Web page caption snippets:

================================

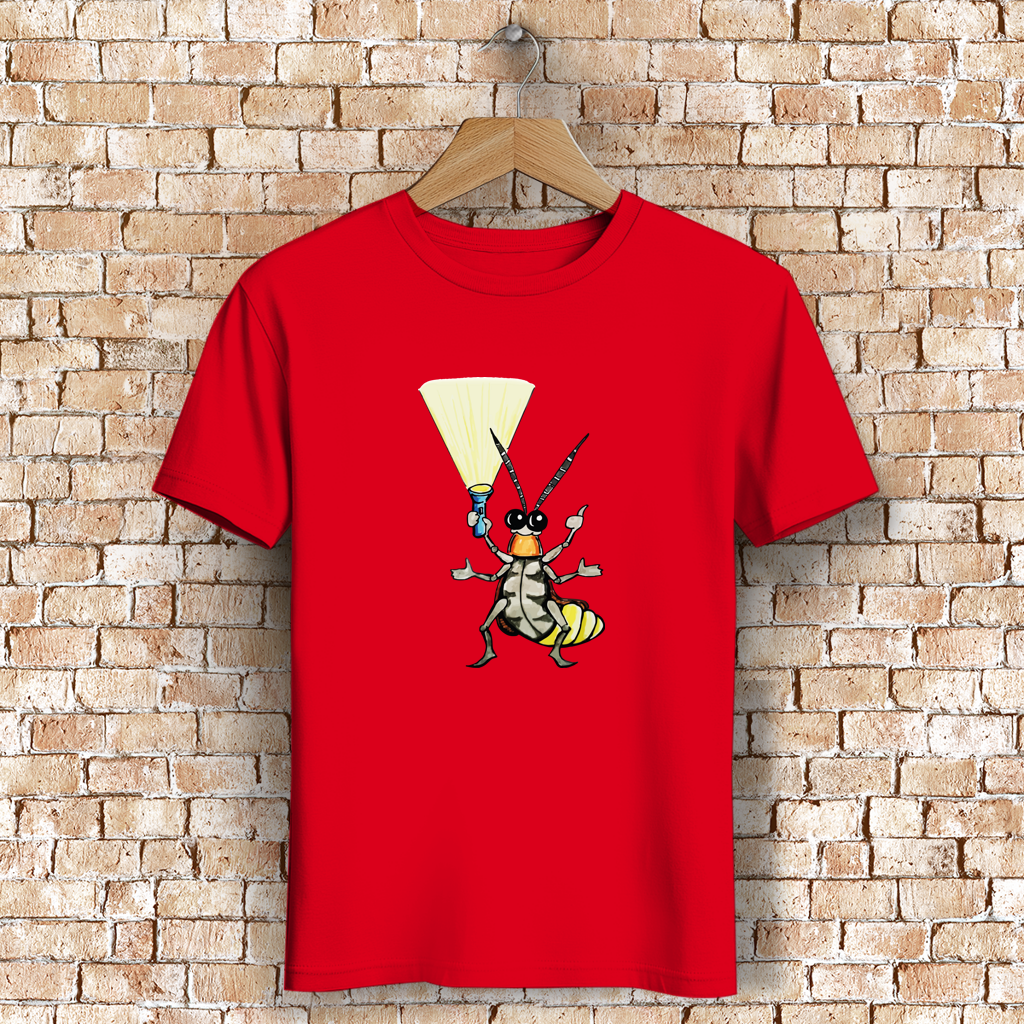 Herren Premium Bio T-Shirt Krabbelcrew Gerti Glühwürmchen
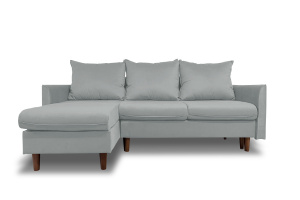 Угловой диван Порту-4 Zara Steel 52 Вид спереди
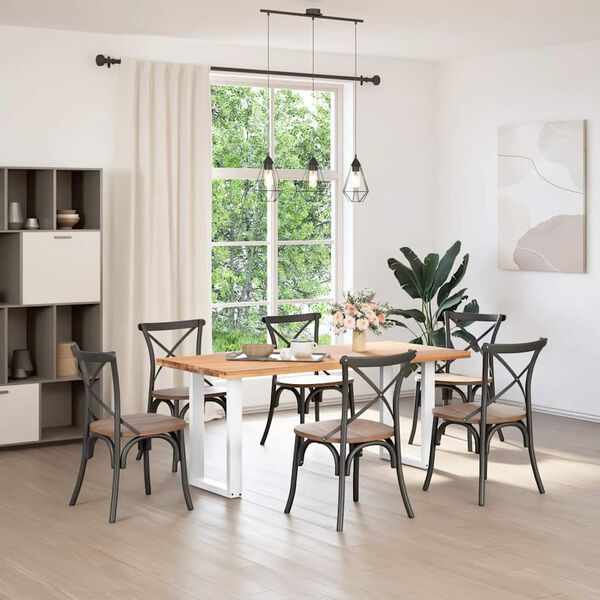 vidaXL Ruokap&ouml;yd&auml;n jalat U-muotoiset 2 kpl valkoinen 50x(72-73) cm ter&auml;s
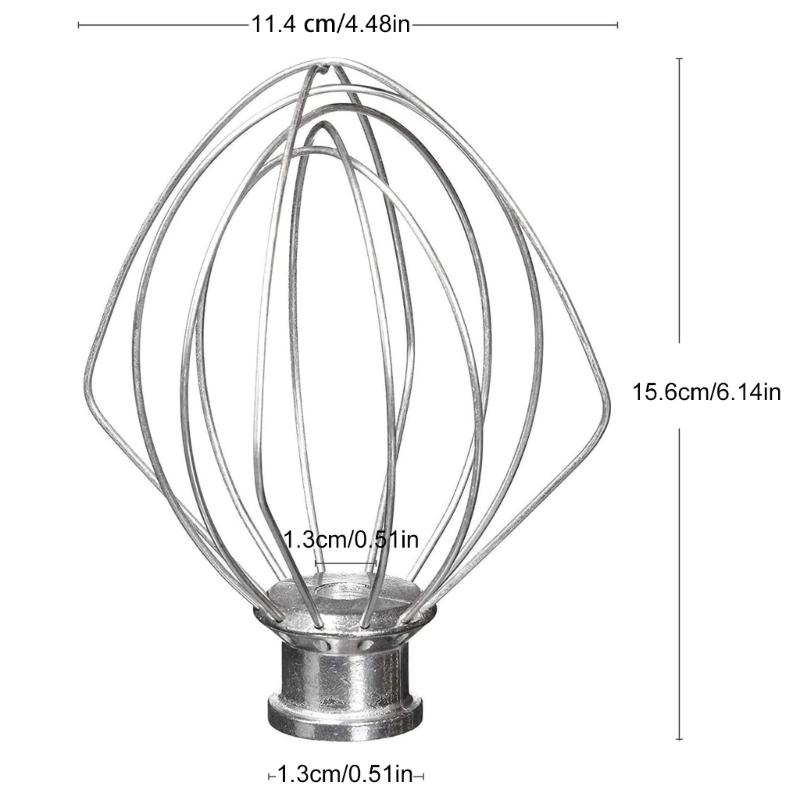 Венчик из нержавеющей стали для 4,5-квартового миксера с подъемной чашей K45WW 6-проволочная насадка-венчик Венчик-шар для яиц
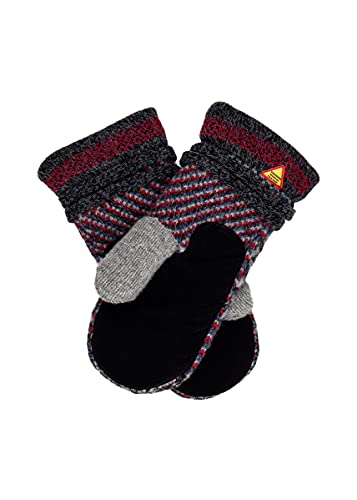 ÖJBRO VANTFABRIK "Futhark Fäustlinge 4 Lagen Wildlederhandfläche russ/blau Gr. M 100% Merinowolle Handschuhe Strick warm weich Schweden Cover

================================

AIM OF THE TASK: Exactly the lines from the one holding "Венчик из нержавеющей" through the last line of the entries must be set down, with nothing added and no pictures.

RESPONSE TO THIS TASK:
 Венчик из нержавеющей стали для 4,5-квартового миксера с подъемной чашей K45WW 6-проволочная насадка-венчик Венчик-шар для яиц
 ÖJBRO VANTFABRIK "Futhark Fäustlinge 4 Lagen Wildlederhandfläche russ/blau Gr. M 100% Merinowolle Handschuhe Strick warm weich Schweden Cover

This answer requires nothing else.